American Folk Art
What we today call American folk art was, art of, by, and for ordinary, everyday1 “folks” who, with increasing prosperity and leisure, created a market for art of all kinds, and especially for portraits. Citizens of prosperous, essentially middle-class republics—whether ancient Romans, seventeenth-century Dutch burghers, or nineteenth-century Americans—have always shown a marked taste for portraiture. Starting in the late eighteenth century, the United States contained increasing number of such people, and of the artists who could meet their demands.
The earliest American folk art portraits come, not surprisingly, from New England — especially Connecticut and Massachusetts—for this was a wealthy and populous region and the center of a strong craft tradition. Within a few decades after the signing of the Declaration of Independence in 1776, the population was pushing westward, and the portrait painters could be found at work in western New York, Ohio, Kentucky, Illinois, and Missouri. Midway through its first century2 as a nation, the United States’ population had increased roughly five times, and eleven new states had been added to original thirteen. During these years, the demand for portraits grew and grew, eventually to be satisfied by camera. In 1839 the daguerreotype was introduced to America, ushering in the age of photography, and within a generation the new invention put an end to the popularity of painted portraits. Once again an original portrait became a luxury, commissioned by the wealthy and executed by the professional.

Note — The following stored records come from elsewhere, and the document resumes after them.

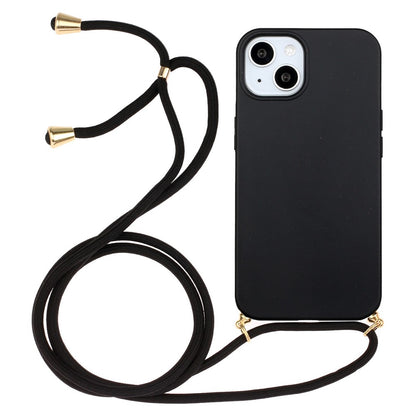 For iPhone 15 Plus Biodegradable Phone Case Wheat Straw+TPU Shockproof Protection Cover with Lanyard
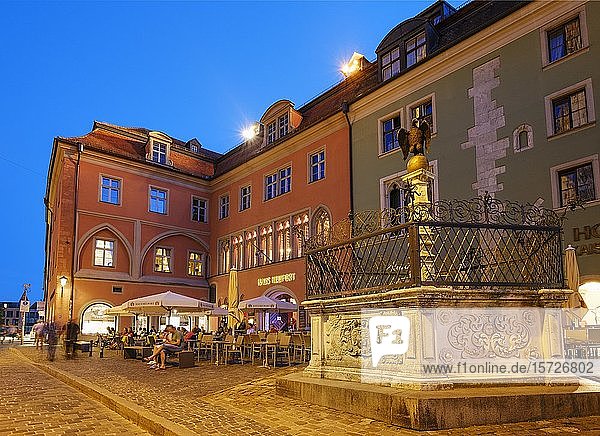 Egle fountain and House Heuport Herb Market Old Town Regensburg Upper Palatinate Bavaria Germany Europe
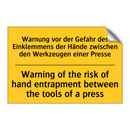 Warnung vor der Gefahr des Einklemmens /.../ - Warning of the risk of hand entrapment /.../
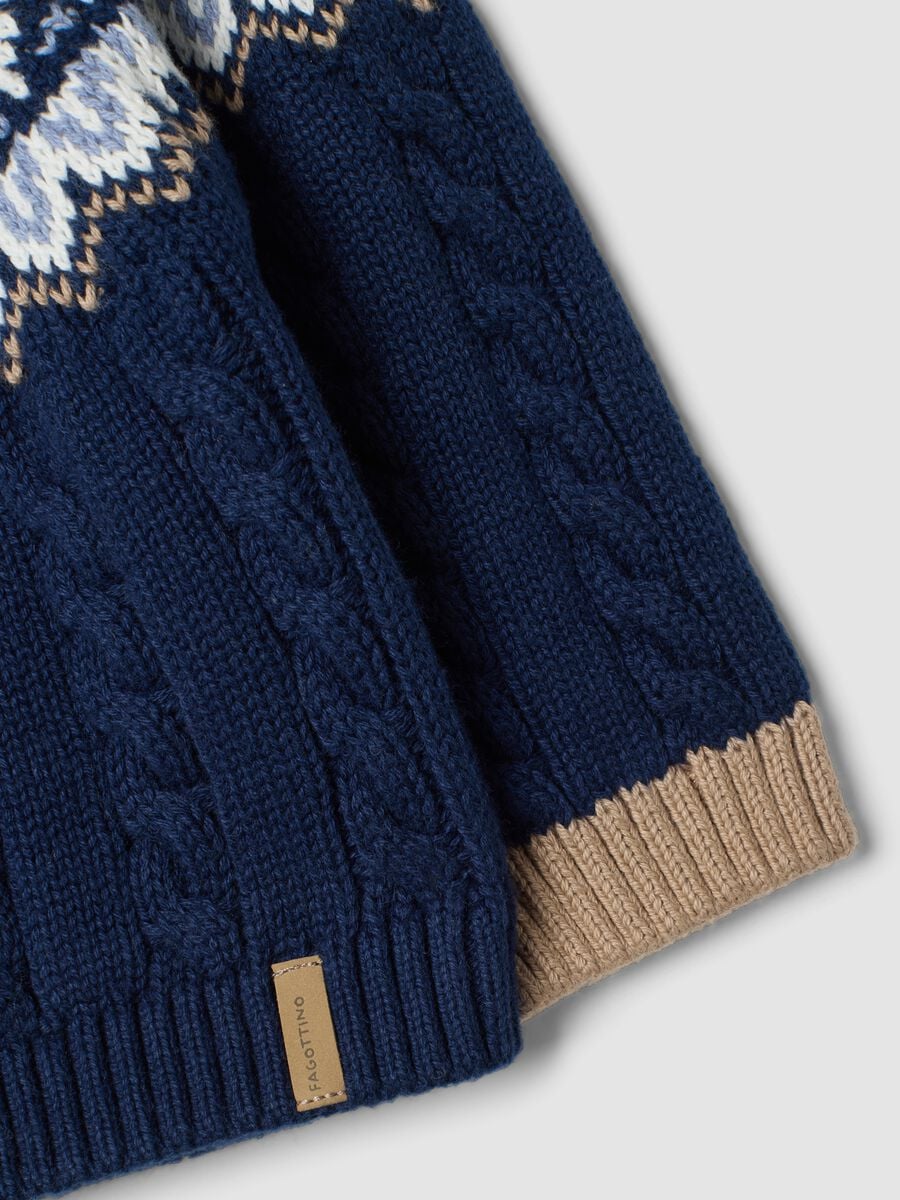 Maglione blu jacquard in puro cotone organico a trecce regular fit_3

But in the heyday of portrait painting—from the late eighteenth century until the 1850’s — anyone with a modicum of artistic ability could become a limner, as such a portraitist3 was called. Local craftspeople—sign, coach, and house painters—began to paint portraits as a profitable sideline; sometimes a talented man or woman who began by sketching family members gained a local reputation and was besieged with requests for portraits; artists found it worth their while to pack their paints, canvasses, and brushes and to travel the countryside, often combining house decorating with portrait painting.
Notes
everyday: 意为commonplace, ordinary
midway through its first century: 美国独立后50年间
portraitist:译为“画师”,以和前面的limner(画家)相区别。